##### MATERIAL FOR THE TASK

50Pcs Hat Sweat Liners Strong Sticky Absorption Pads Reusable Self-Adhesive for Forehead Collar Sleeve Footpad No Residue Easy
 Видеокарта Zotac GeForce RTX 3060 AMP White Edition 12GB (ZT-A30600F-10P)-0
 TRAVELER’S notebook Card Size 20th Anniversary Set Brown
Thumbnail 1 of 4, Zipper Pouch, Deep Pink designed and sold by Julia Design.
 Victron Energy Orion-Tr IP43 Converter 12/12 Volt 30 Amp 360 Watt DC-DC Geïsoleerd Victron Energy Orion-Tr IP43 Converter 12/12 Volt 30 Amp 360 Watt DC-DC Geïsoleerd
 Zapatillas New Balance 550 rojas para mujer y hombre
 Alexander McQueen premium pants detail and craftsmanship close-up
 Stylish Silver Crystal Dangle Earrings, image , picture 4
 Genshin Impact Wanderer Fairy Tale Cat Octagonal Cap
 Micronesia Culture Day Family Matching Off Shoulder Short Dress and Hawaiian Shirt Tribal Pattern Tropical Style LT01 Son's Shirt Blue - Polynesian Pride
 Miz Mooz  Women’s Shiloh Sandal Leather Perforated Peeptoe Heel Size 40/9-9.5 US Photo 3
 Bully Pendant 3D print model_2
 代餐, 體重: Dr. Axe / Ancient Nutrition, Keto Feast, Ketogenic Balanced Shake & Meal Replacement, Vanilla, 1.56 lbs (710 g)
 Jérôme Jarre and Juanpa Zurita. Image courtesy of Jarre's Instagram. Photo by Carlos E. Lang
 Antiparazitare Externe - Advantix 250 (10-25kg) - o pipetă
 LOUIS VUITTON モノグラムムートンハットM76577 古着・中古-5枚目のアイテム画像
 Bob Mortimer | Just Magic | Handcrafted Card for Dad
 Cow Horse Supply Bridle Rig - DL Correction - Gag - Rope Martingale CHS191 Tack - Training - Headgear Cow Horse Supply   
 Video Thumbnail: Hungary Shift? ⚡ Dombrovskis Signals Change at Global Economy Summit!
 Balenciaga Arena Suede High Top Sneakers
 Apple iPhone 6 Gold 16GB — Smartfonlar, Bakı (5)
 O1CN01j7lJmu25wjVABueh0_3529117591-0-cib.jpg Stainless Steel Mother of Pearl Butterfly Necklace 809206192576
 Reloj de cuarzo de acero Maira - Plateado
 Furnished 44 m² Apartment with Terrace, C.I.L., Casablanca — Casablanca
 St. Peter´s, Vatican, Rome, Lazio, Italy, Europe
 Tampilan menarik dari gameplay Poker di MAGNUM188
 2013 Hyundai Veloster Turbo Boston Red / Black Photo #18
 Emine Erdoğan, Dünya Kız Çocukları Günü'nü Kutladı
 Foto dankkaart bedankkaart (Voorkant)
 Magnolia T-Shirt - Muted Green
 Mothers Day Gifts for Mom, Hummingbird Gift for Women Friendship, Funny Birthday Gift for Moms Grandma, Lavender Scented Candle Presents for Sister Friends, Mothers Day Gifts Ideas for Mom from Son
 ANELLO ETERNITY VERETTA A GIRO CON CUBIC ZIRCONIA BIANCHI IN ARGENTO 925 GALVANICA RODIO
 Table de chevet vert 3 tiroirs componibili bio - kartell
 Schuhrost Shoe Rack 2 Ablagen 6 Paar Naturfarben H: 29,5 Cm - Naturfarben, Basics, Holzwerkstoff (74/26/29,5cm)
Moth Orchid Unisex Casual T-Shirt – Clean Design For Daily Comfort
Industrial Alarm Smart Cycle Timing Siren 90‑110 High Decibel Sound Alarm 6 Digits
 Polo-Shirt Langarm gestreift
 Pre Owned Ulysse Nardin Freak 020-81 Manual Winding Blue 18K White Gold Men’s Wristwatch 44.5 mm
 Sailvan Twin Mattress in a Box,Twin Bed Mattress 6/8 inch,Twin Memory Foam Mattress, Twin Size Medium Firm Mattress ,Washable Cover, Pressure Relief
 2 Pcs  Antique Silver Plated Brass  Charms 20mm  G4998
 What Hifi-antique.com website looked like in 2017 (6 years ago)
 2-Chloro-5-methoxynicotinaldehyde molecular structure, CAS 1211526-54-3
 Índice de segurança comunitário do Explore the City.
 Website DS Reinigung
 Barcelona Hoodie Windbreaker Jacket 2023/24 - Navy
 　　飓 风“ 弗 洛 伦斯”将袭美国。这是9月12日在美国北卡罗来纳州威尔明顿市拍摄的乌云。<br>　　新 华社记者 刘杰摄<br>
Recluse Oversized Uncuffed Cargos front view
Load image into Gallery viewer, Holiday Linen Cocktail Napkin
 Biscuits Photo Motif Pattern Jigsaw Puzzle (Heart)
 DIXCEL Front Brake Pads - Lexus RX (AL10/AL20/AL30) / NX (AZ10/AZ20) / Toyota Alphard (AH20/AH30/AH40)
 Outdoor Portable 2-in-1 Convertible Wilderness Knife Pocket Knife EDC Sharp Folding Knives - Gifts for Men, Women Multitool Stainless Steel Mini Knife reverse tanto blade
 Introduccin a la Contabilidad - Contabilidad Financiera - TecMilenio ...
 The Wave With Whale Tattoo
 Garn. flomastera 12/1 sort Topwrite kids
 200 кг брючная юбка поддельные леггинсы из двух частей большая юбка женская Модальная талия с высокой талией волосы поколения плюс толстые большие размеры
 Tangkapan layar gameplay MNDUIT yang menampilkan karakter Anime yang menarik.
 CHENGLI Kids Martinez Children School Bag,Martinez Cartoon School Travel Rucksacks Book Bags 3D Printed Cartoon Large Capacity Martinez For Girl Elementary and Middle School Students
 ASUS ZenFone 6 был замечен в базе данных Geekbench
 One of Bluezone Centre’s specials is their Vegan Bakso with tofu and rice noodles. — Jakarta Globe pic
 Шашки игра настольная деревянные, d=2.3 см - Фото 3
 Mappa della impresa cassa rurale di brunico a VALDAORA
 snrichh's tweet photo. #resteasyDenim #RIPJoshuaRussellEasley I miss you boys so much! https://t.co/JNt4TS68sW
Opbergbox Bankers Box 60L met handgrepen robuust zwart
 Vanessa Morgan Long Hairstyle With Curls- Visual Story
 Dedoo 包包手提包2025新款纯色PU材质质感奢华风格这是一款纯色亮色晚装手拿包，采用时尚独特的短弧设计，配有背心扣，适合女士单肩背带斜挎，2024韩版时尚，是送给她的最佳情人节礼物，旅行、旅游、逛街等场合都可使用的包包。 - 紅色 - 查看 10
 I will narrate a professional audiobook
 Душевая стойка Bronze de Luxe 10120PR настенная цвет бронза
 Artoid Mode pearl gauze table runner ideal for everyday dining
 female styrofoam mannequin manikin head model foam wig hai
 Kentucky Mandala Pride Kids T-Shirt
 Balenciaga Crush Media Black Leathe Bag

##########

**WHAT IS BEING ASKED**
Reply with only the number of lines in the entries that hold the word "gameplay".

**OUTPUT FOR THIS TASK**
2